Friday, July 6, 2012

Creme Fraiche - I was so excited I couldn't stay on track.

Yes, dear friends, it is feast or famine with these blog posts.  BUT I JUST MADE CREME FRAICHE AND IT'S CHANGING MY WORLD... one creamy spoonful at a time.

To make, get a pint-sized mason (or ball... whatever) jar.  If you don't have any, go buy a LOT of them.  They are useful for making gifts, drinking out of (gin and tonics are our current beverage of choice), storing things, making pickles, etc.

When Ben and I first started canning, we asked family members for jars they weren't using, and I think we have somewhere around 100 jars, ranging in size from 4oz to 1G (64oz).  Whoa... that was a big distraction from my main point, which is: CREME FRAICHE.
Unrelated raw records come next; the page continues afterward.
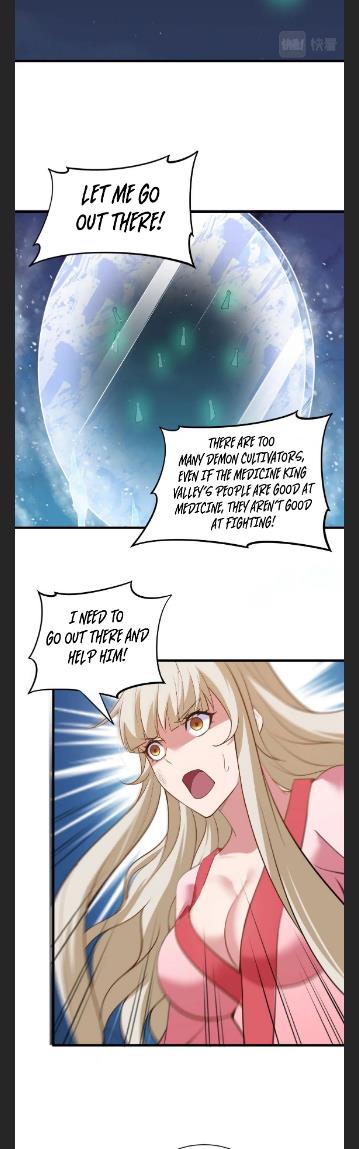 I Just Want To Be Killed Chapter 105 - page 9
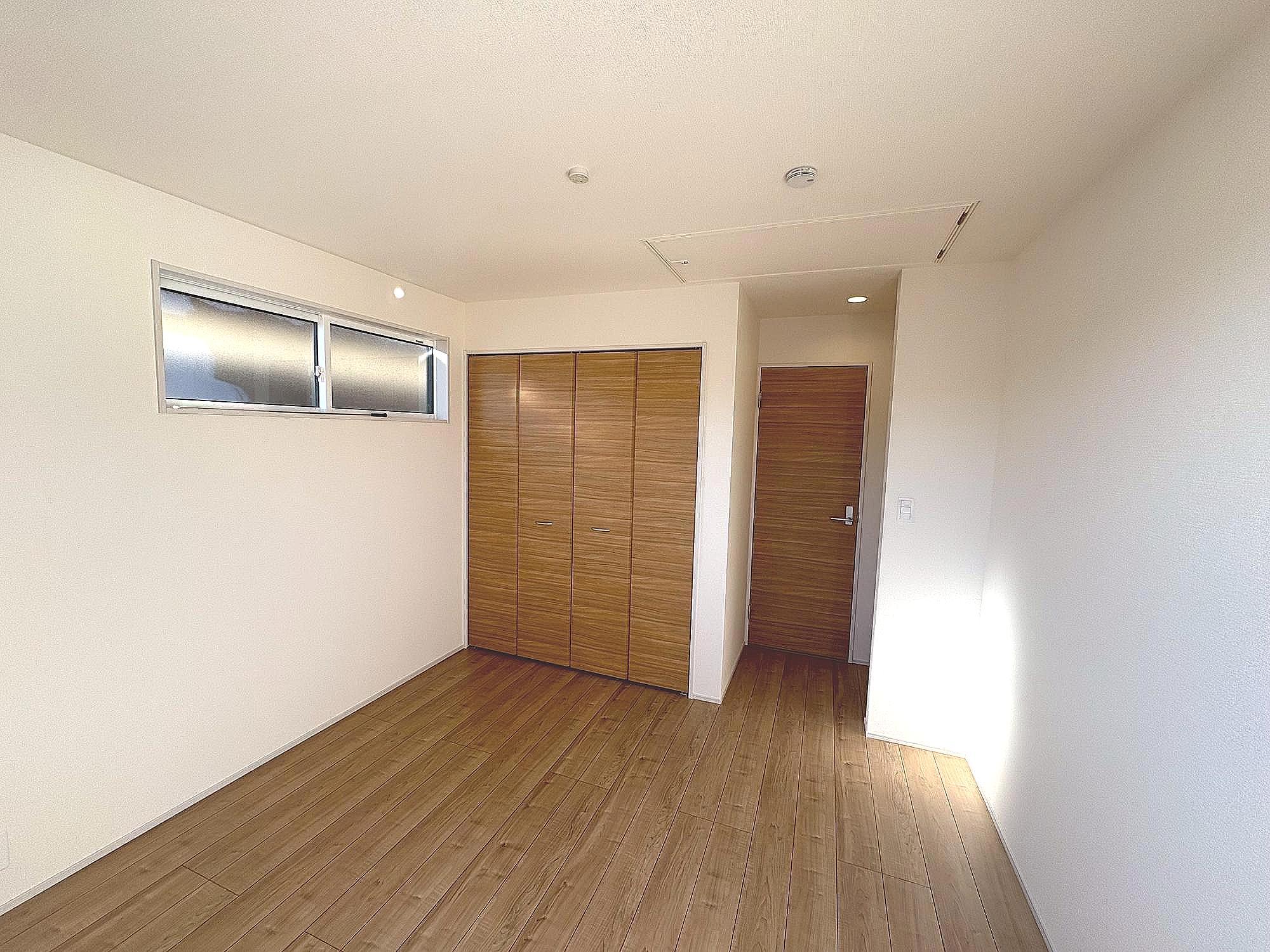 Brand New 3-Bedroom House in Yanagikubo 9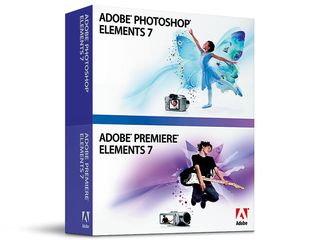 Photoshop Elements 7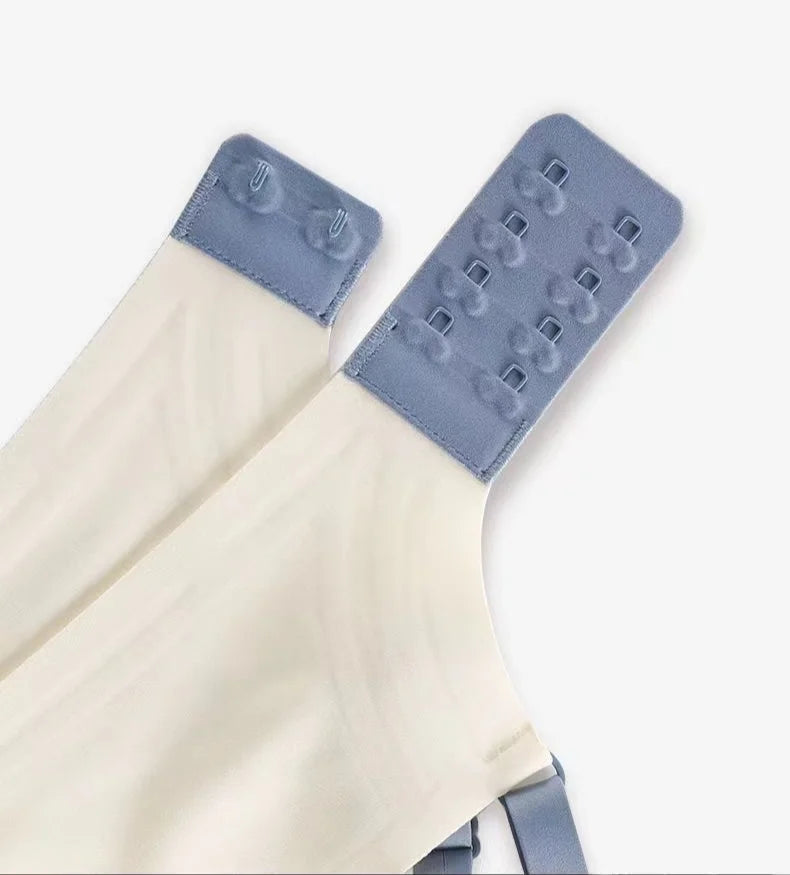 Lingerie Sheer Temptation Corset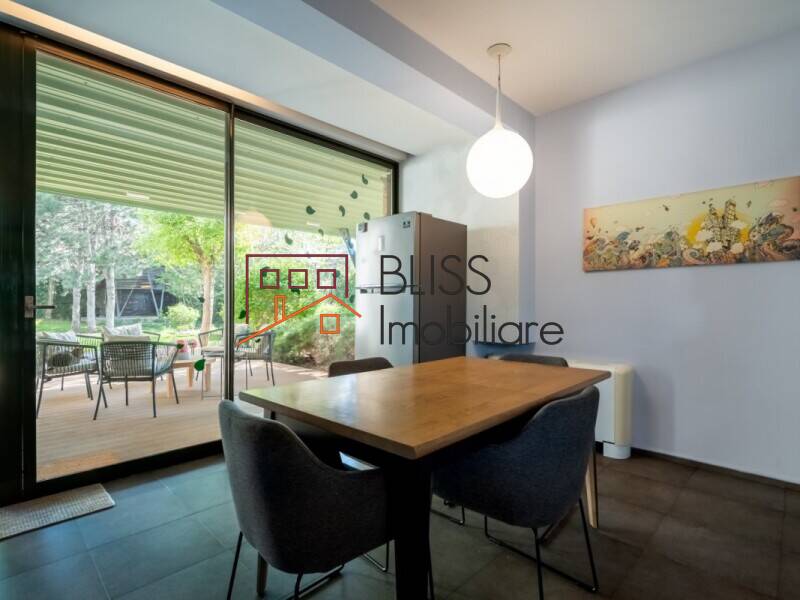 5-Bedroom Property With Four Independent Units, Bucharest / Ilfov | Bliss Imobiliare / Photo 10 - BLISS Imobiliare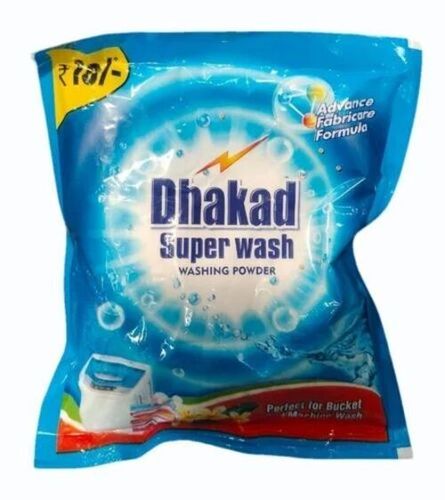 100gm Washing Powder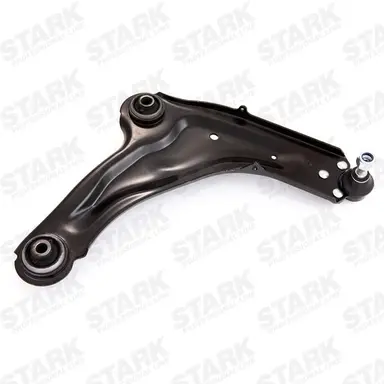 BARRA OSCILANTE, SUSPENSIÓN DE RUED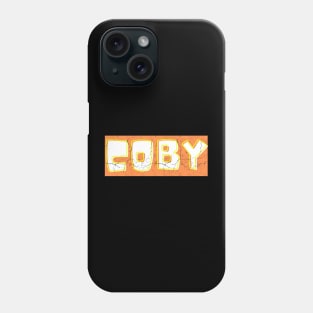 Coby balkan Phone Case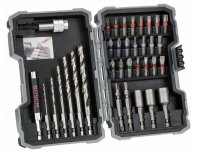 Набор бит Bosch PRO-Mix Wood 2607017327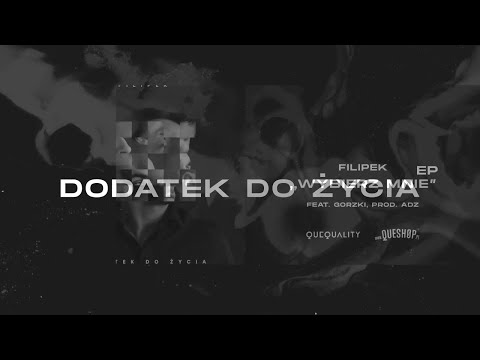 Filipek ft. Gorzki - Wybierz mnie (prod. ADZ)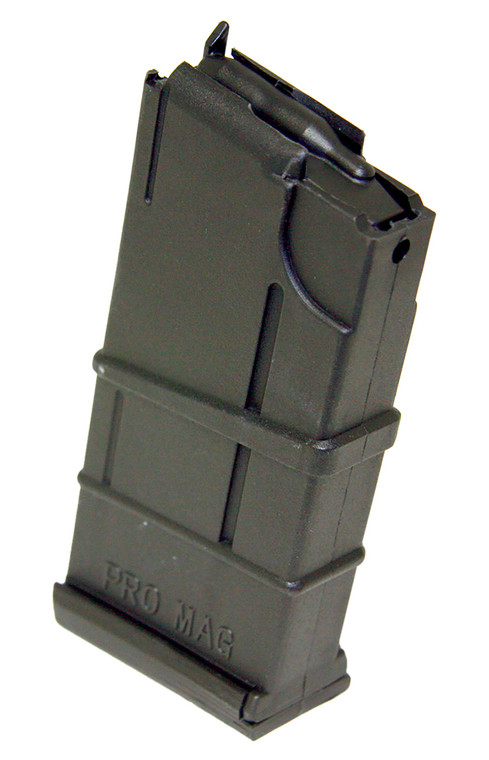 Promag Ruga11 20rd 2235.56mm Fits Ruger Mini14 Black Polymer - RUGA11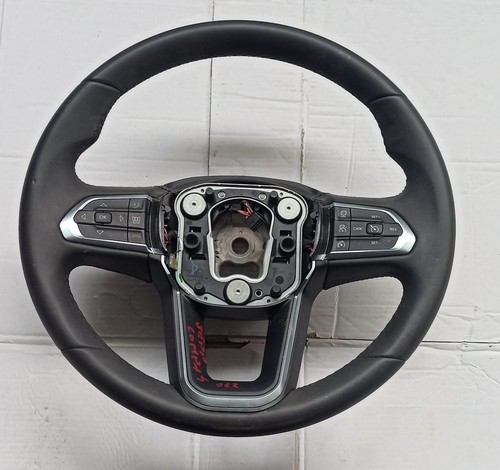 Volante jeep compass 2022 - volante,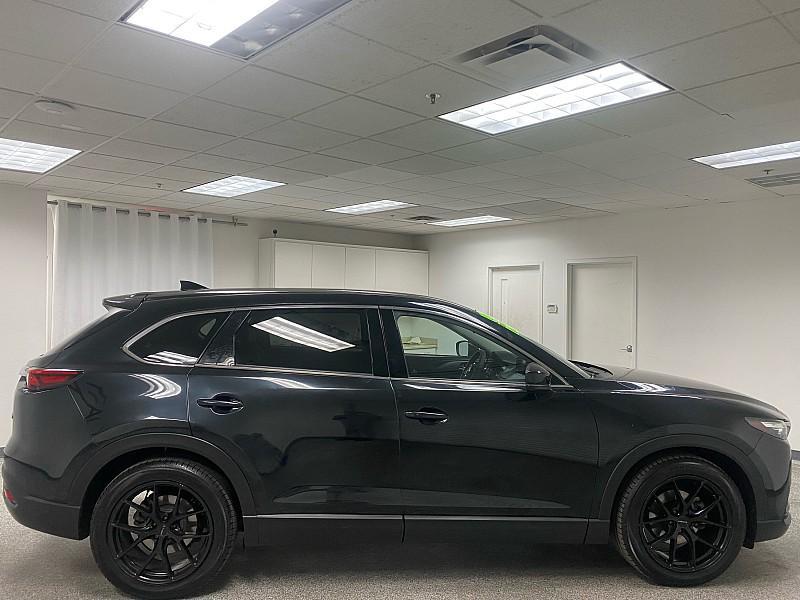 used 2016 Mazda CX-9 car, priced at $10,991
To make it, get a pint-sized mason jar (oh yeah, now I'm back on track).
Mix equal parts heavy whipping cream and sour cream (buying these two individually is usually cheaper than buying creme fraiche at the store).  Since there are only two of us, I did 1/4c of each.

Shake in the jar to mix.  Put the lid on and leave on the counter overnight.  It will turn into an incredibly smooth, delicious treat that is slightly sweet and slightly tangy and dairy-delicious.  Refridgerate after it's overnight adventure on the countertop.

It is about the consistency of... marshmallow creme, but Ben will eat this willingly, and he looks down his nose at me every winter when I come home all excited because I finally broke down and bought a jar of that stuff to put on my hot chocolate (but, let's be honest, I mostly eat it out of the container with a spoon).  Did you know that marshmallow creme, which seems really nasty, doesn't have much in it except sugar, egg whites, and xanthan gum?

Back to the task at hand (again...).

What Should I Put it On?

I would eat it on shoe leather, but that's besides the point.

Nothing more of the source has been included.